May Emerging Infectious Diseases Summaries
Centers for Disease Control and Prevention (CDC) sent this bulletin at 04/16/2014 12:35 PM EDTEmerging Infectious Diseases Journal
Highlights: Emerging Infectious Diseases, Vol. 20, No. 5, (May 2014)
Click here to visit the Emerging Infectious Disease journal page
1. Factors Associated with Antimicrobial Drug Use in Medicaid Programs, Pengxiang Li, et al.

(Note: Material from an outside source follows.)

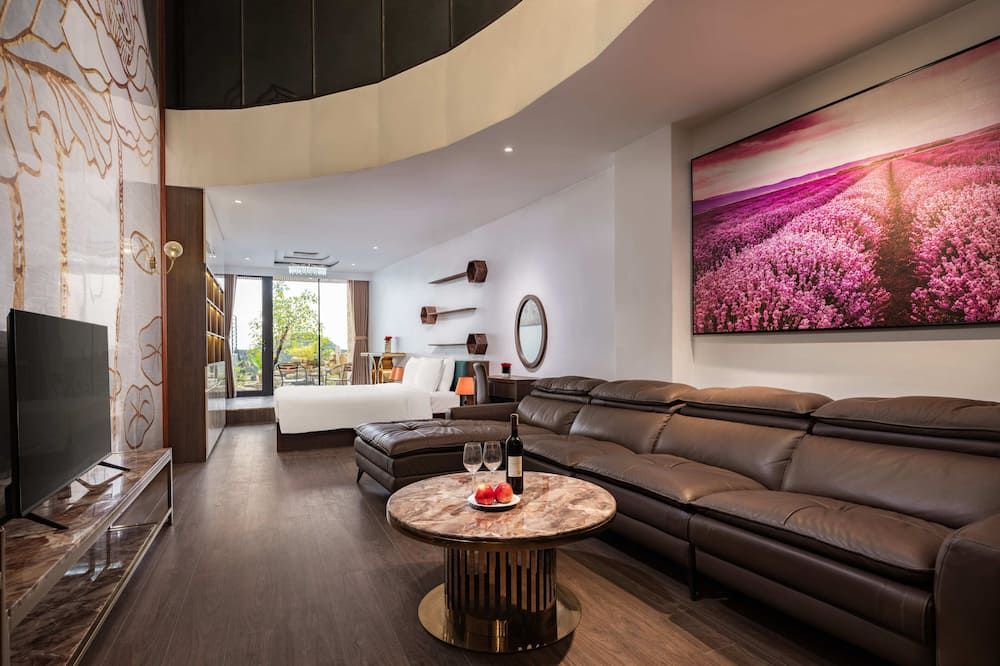 Moonlight Tay Ho - האנוי - טרקלין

For treatment of sudden-onset short-term (acute) respiratory tract infections such as colds, upper respiratory tract infections, and bronchitis, antibiotics are usually not needed. Antibiotics rarely help patients with those infections and, in fact, can do more harm than good by encouraging growth of antibiotic-resistant bacteria. A recent study found that despite their well-known lack of effectiveness for treating these conditions, in 2007 antibiotics were prescribed for more than half of adult Medicaid patients with these infections. The number of people impacted by this problem will increase as coverage under Medicaid and other insurance programs expands unless clinicians, public health officials and policy makers intervene.
2. Human Papillomavirus Prevalence in Oropharyngeal Cancer Cells before Vaccine Introduction, United States,Martin Steinau, et al.

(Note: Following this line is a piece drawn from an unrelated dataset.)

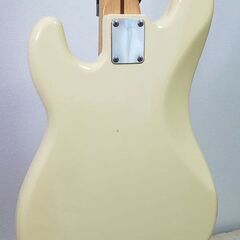 日本製 Squier by Fender プレシジョンベースの画像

Human papillomavirus (HPV) is usually associated with cervical cancer and other genital infections, but it can also infect the mouth and throat (oropharyngeal region). So if HPV vaccines help prevent cervical cancer, do they also help prevent oropharyngeal cancers? A U.S. study analyzing oropharyngeal cancers that were diagnosed between 1995 and 2005 found HPV in a high percentage (75%) of these tumors. However, the percentage varied according to patients’ sex and race/ethnicity; it was lower among women and non-Hispanic blacks. Although more research is needed to explain these differences, it is clear that in the United States, HPV vaccination has significant potential to prevent many oropharyngeal cancers.

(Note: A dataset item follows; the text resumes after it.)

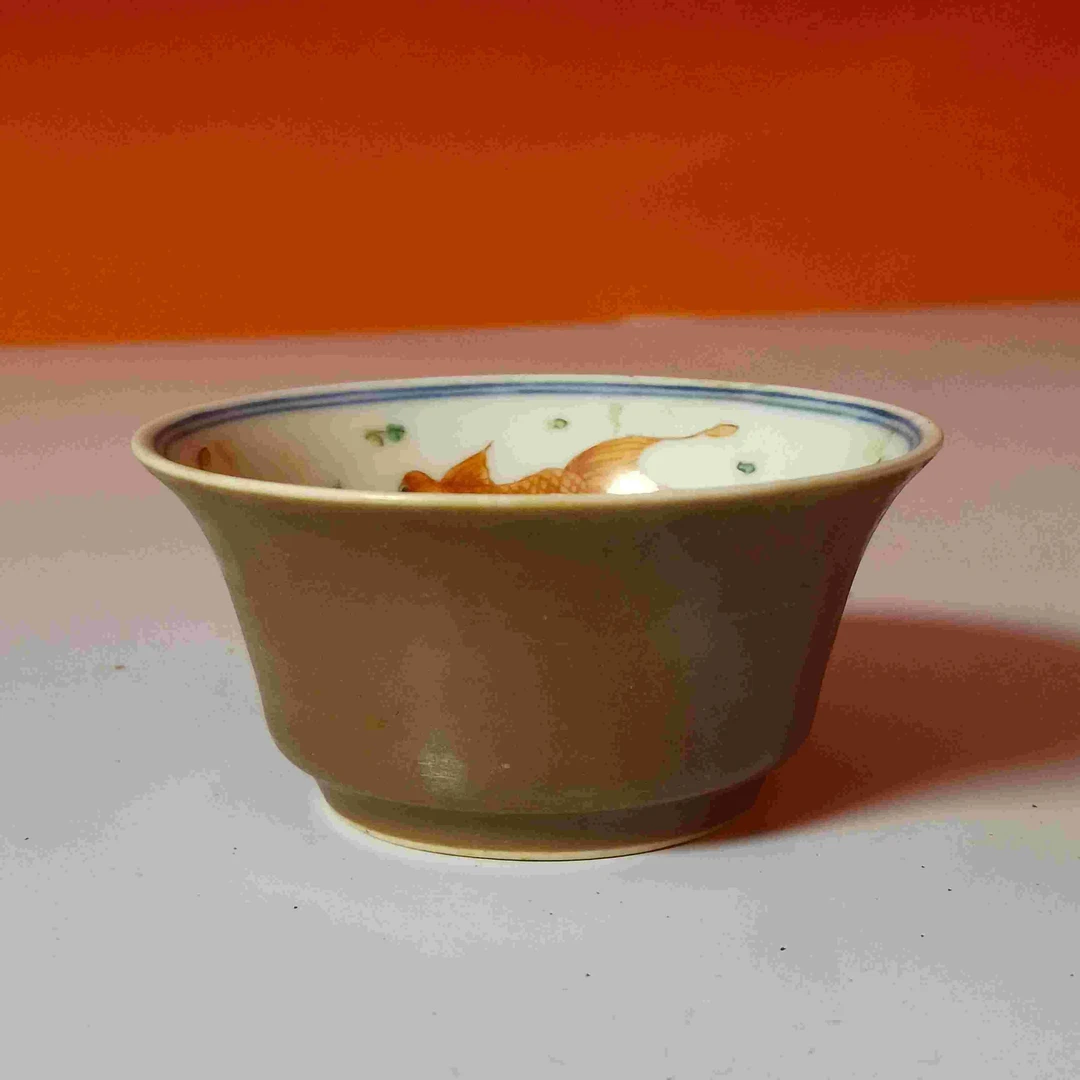 3535清晚期 外酱釉内鱼藻纹马蹄杯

3. Bat Flight and Zoonotic Viruses, T.J. O’Shea et al.
Infections that are transmitted directly or indirectly to humans from other animals are called zoonotic infections. Examples include SARS coronavirus, Ebola, Marburg, Nipah, and Hendra virus infections. Many animal reservoirs of viruses are bats, but why are bats able to transport these deadly agents without themselves getting sick or dying? In the May issue of Emerging Infectious Diseases, researchers present a hypothesis: bats are the only mammals that fly. More specifically, the high metabolic rate and high body temperatures generated by flying may have protected bats from viral infections similar to the way in which fever protects humans and other mammals from disease: by stimulating the immune system. In this way, flight may have allowed bats to evolve a co-existence with their viruses without becoming sick. Some challenging and creative experiments are needed to test this flight-as-fever hypothesis.